When I visited Kenmare a few weeks earlier, at the end of summer, I had walked around the town, and visited its two parish churches and a former convent. But when I returned earlier this week, I found the Lansdowne legacy in many buildings, including the old courthouse, which now houses the local heritage, and the former Market House, now converted into offices and shopfronts.

The former Market House is said to have been designed by Sir Charles Barry (Photograph: Patrick Comerford, 2020)

The former Market House on the corner of the Square and Market Street, facing the Fair Green, is a three-storey Classical style building designed by renowned English architect Sir Charles Barry (1795-1860) for the 3rd Marquis of Lansdowne. Barry’s best-known work is the Houses of Parliament or Palace of Westminster.

The Market House has a three-bay double-height arcade on the ground floor with round-headed openings and moulded archivolts and square-headed windows on the first floor.

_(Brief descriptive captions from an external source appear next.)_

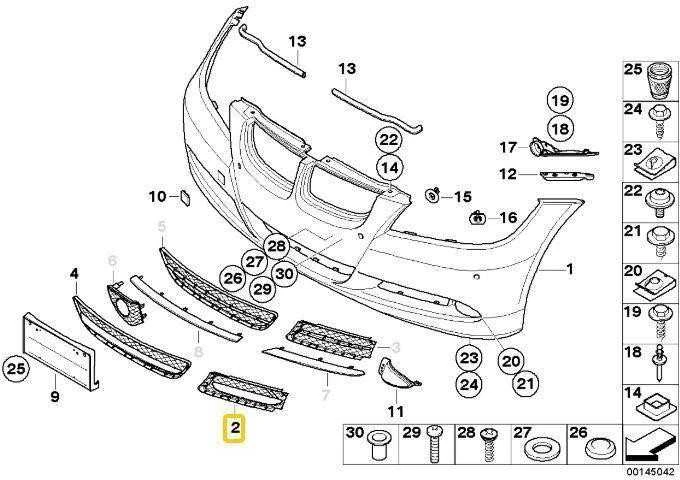 BMW 3 E90 E91 Kairysis Uždarytas Grotas Originalus 51117154553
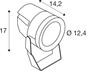 Preview: SLV 1012114 PL-BEAM PRO S, SP, DALI, Wand- und Deckenaufbauleuchte, 2700K, 12W, 64°, anthrazit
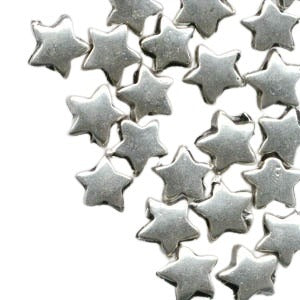 Metal Beads - 7mm - Star - Antiqued Silvertone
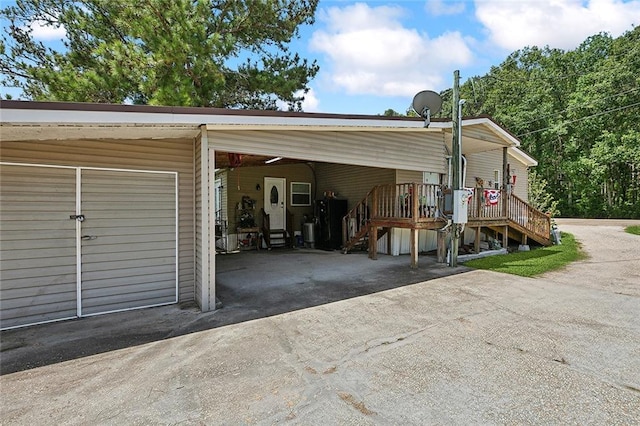 view of garage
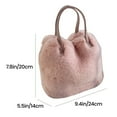 thumbnail image 5 of Women Faux Rabbit Fur Bucket Bag Fashion Imitation Fur Handbag Lightweight Soft Fluffy Plush Tote with Shoulder Strap for Autumn Winter, Pink, 5 of 5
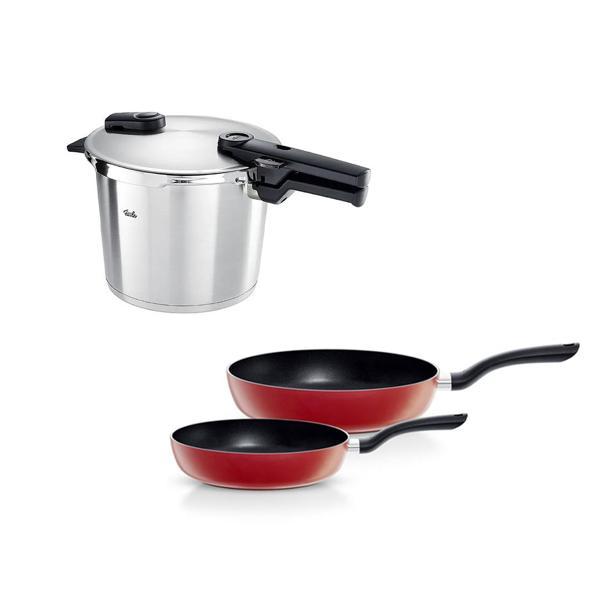 Fissler Vitaquick Premium 4,5 Litre Düdüklü Tencere + Kırmızı Cenit Tava Set - Image 1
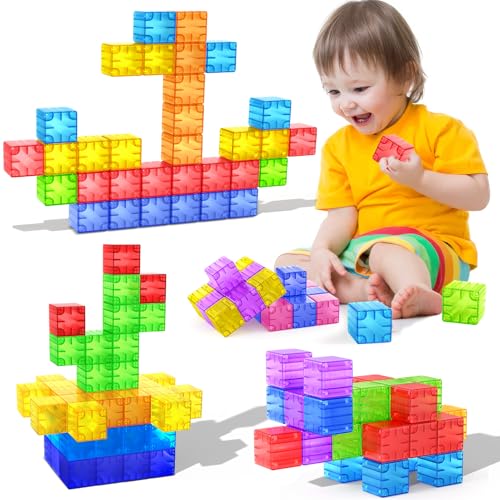 Magnetic Blocks - 32pcs Translucent Magnetic Building Blocks for Toddlers 1-3, STEM Rainbow Magnet Cubes for Kids Ages 2-4, Magnet Toys for Kids 3-5, Christmas Birthday Gifts for Girls & Boys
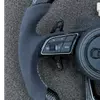 Premium Alcantara Material And Precise White Stitching Detail Audi Custom Steering Wheel JIONX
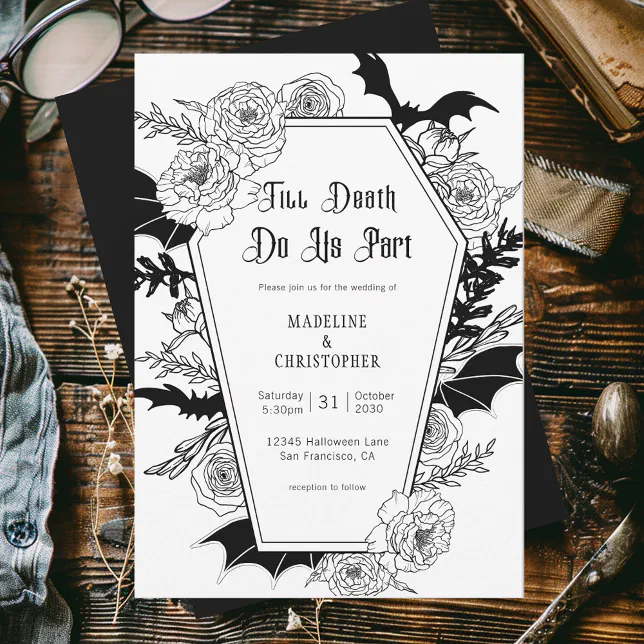 Till Death Do Us Part Gothic Floral Wedding Invitation | Zazzle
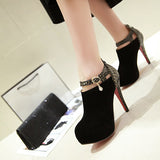 Women's Stiletto Bootie High Heels Shoes Ankle Straps - vmlfashion-com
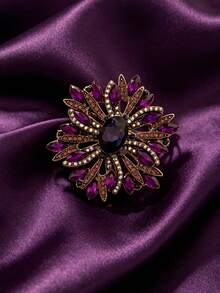 Lyxig blomspänne med strass, elegant överdriven broschaccessoar för kvinnor, festbrosch - Violet - Visa 3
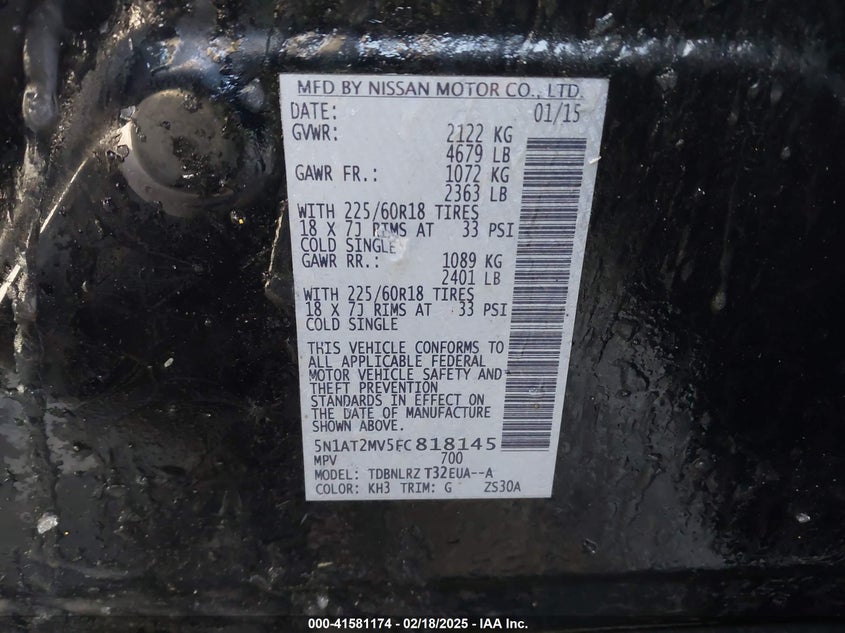 2015 NISSAN ROGUE SL - 5N1AT2MV5FC818145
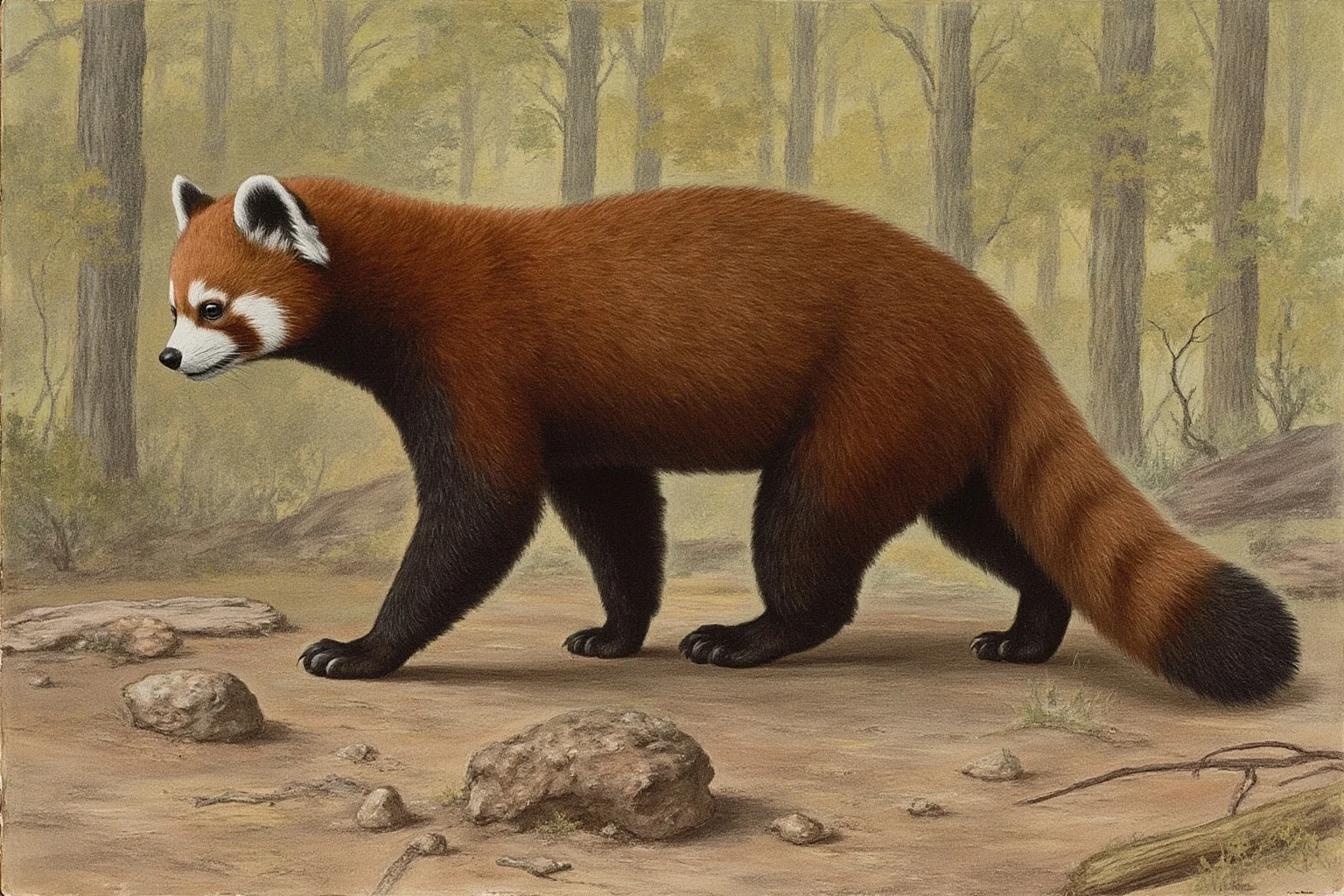 Illustration of a small fossil red panda relative, Pristinailurus bristoli, in a Miocene forest setting in ancient Tennessee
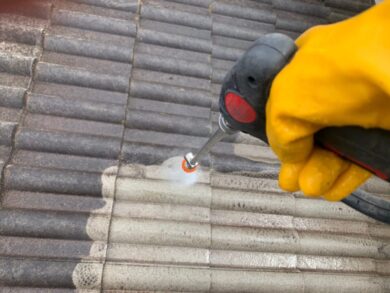 奈良香芝市Ｉ様邸　外壁塗装・屋根塗装・防水工事 洗浄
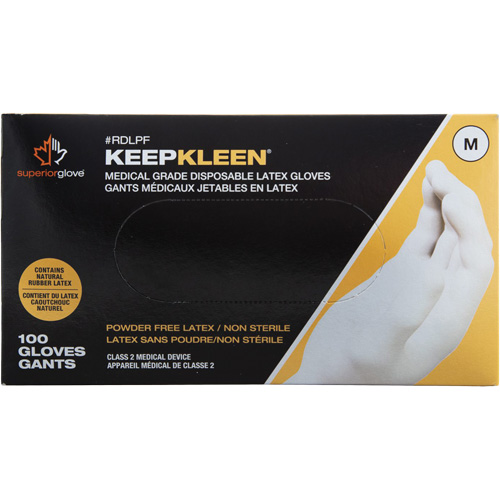 Gants jetables de calibre examen m&eacute;dical KeepKleen, Grand, Latex, 5 mils, Sans poudre, Blanc, Classe 2 Stor-it Systems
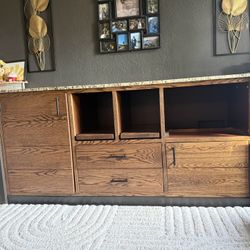 Solid Wood Sideboard Cabinet with Granite Top – Hotel Quality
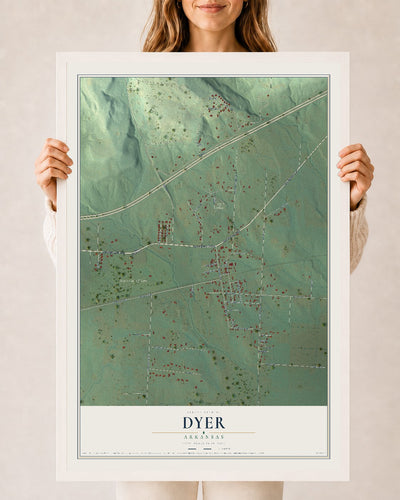 Map of Dyer, Arkansas, 24 x 36 inch print in a white wood frame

The nine-bay side of the Market House on Market Street (Photograph: Patrick Comerford, 2020)

There is a single-bay, two-storey side elevation on the north-west, and a nine-bay, two-storey lower return at the south-west with round-headed openings at the ground floor.

The clock on the first floor of the façade bears the date 1840.

Behind the Market House, Market Street was once known as Pound Lane because the town’s animal pound was located there. During the 19th century, many of the town tradesmen in Kenmare, such as leatherworkers, blacksmiths and tinsmiths, moved into the area.

A colourful cottage at Emmet Place on Market Street (Photograph: Patrick Comerford, 2020)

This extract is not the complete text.